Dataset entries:
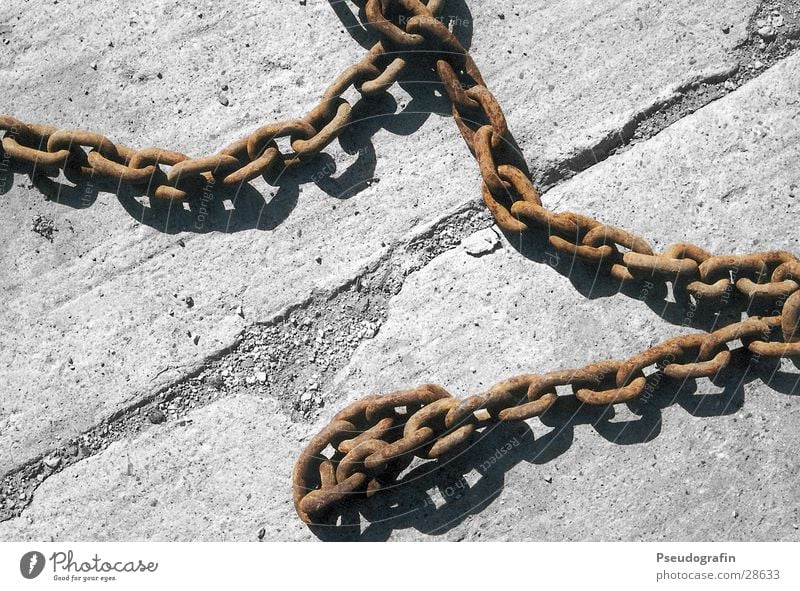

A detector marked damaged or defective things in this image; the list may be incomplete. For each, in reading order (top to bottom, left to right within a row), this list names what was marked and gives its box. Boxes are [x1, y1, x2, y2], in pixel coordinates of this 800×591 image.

crack in concrete [536, 0, 800, 190]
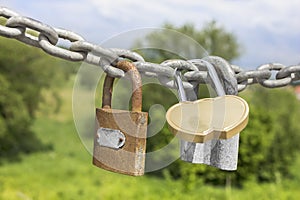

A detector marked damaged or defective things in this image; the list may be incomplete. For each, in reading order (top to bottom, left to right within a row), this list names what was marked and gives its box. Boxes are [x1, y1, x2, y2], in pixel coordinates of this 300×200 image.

rusty padlock [92, 60, 147, 176]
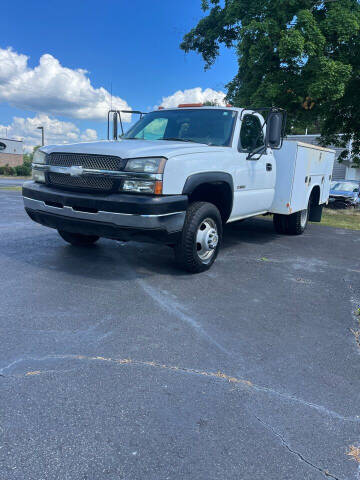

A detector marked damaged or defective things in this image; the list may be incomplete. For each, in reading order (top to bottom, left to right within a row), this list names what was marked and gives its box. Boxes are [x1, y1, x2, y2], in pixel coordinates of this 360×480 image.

pavement crack [256, 414, 340, 478]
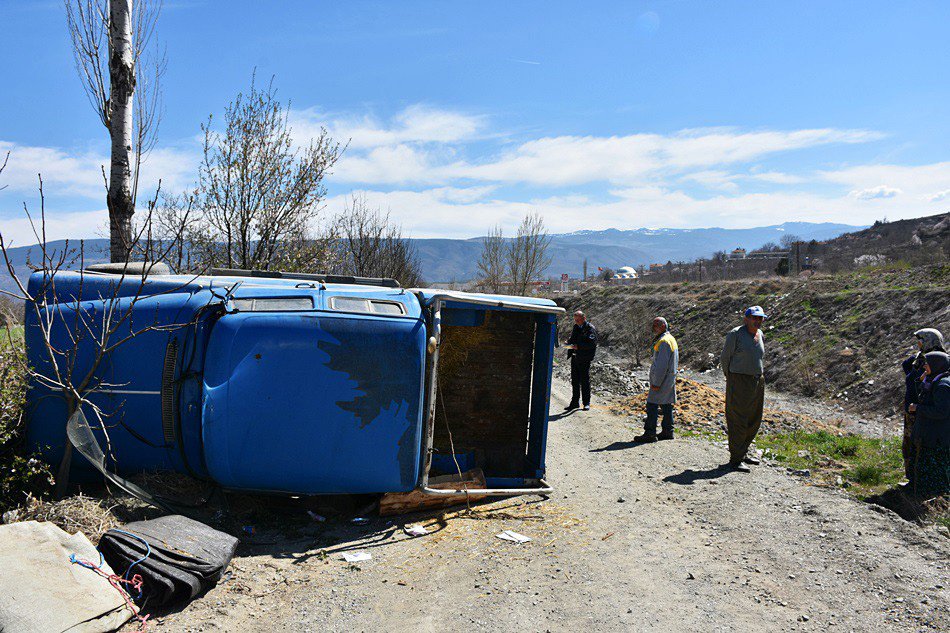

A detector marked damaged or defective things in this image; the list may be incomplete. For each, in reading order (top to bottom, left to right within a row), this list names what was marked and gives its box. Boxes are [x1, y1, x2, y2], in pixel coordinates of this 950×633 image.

overturned blue truck [24, 264, 564, 496]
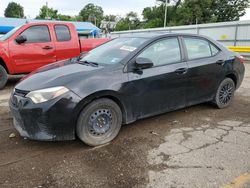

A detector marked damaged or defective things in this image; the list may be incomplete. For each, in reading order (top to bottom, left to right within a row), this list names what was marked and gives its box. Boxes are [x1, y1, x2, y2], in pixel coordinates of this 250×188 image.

damaged bumper [8, 90, 81, 141]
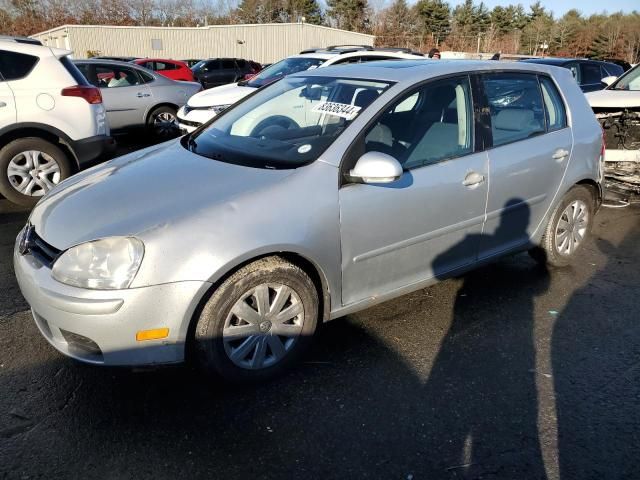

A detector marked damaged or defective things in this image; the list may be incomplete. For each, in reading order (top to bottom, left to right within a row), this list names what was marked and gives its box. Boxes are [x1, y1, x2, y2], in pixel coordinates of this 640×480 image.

damaged white car [588, 65, 640, 204]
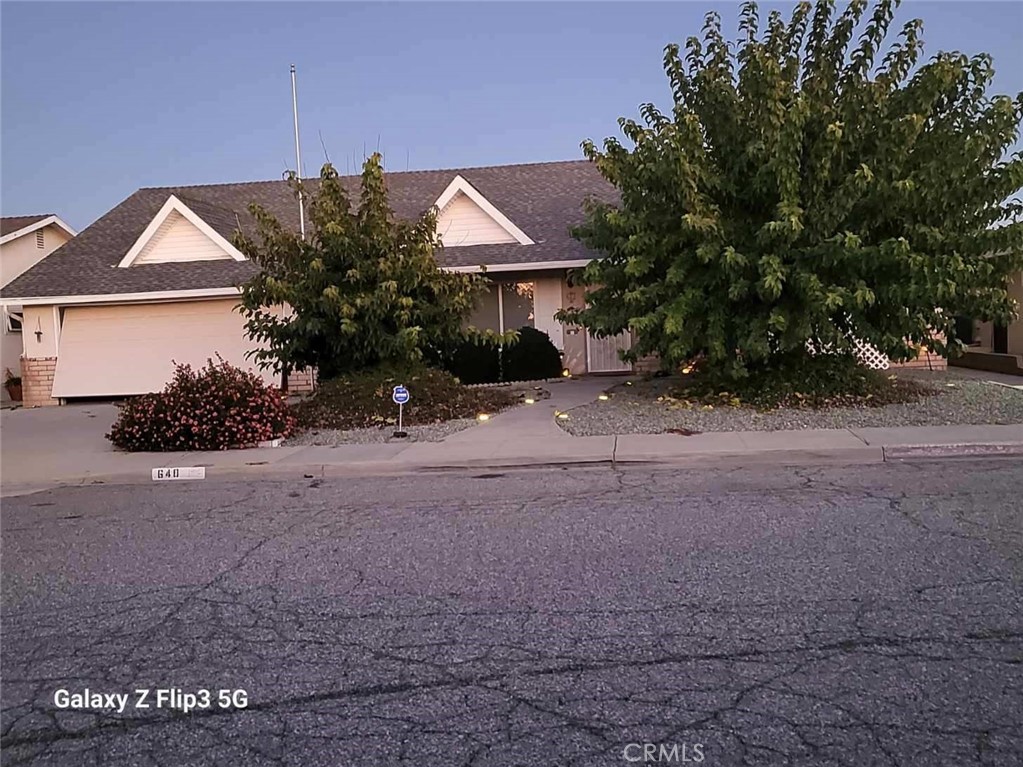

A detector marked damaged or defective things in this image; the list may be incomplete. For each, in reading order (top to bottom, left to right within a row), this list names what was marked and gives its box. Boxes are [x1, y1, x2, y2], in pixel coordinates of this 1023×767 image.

cracked asphalt [1, 460, 1023, 764]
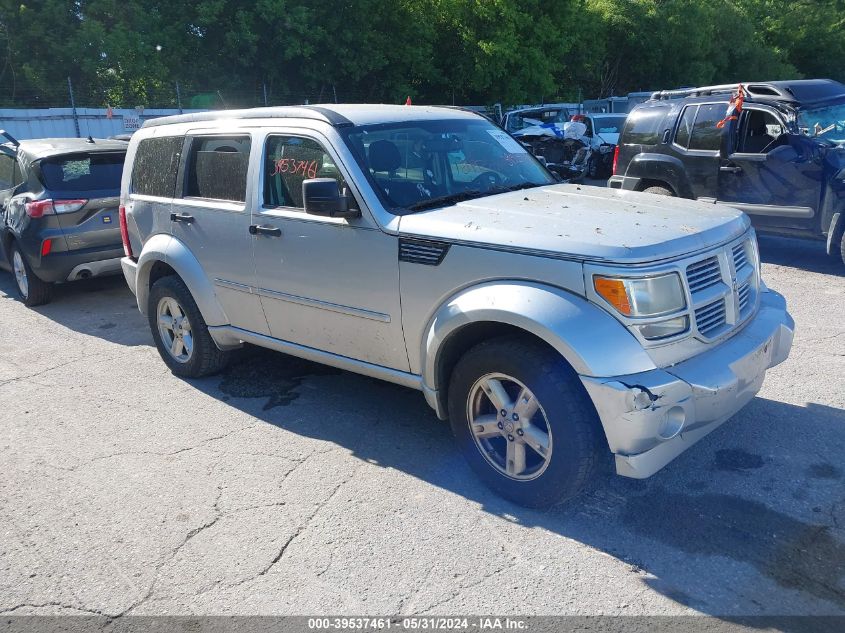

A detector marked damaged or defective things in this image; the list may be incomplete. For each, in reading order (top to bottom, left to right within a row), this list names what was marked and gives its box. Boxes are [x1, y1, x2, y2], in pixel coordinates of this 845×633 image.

cracked pavement [0, 233, 840, 616]
front bumper damage [580, 288, 792, 476]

### Exercise brief
In the records above, find the line with "this 250×188 image." and copy from it through the last line exactly, without the pictures.

### Exercise response
A detector marked damaged or defective things in this image; the list may be incomplete. For each, in reading order (top to bottom, left to right within a row), this list names what was marked and gives its box. Boxes are [x1, y1, x2, y2], in pixel coordinates of this 250×188 image.

damaged bumper [8, 90, 81, 141]

A detector marked damaged or defective things in this image; the list may be incomplete. For each, in reading order (top to bottom, left to right within a row), this list names what was marked and gives its box. Boxes are [x1, y1, x2, y2], in pixel coordinates of this 640×480 image.

damaged white car [588, 65, 640, 204]

A detector marked damaged or defective things in this image; the list may be incomplete. For each, in reading order (top to bottom, left to right within a row), this list names what was marked and gives its box. Boxes are [x1, y1, x2, y2], in pixel coordinates of this 1023×767 image.

cracked asphalt [1, 460, 1023, 764]

A detector marked damaged or defective things in this image; the list may be incomplete. For each, in reading order (top to bottom, left to right within a row), this list names what was marked and gives its box. Boxes are [x1, y1, x2, y2], in pixel coordinates of this 845×633 image.

cracked pavement [0, 233, 840, 616]
front bumper damage [580, 288, 792, 476]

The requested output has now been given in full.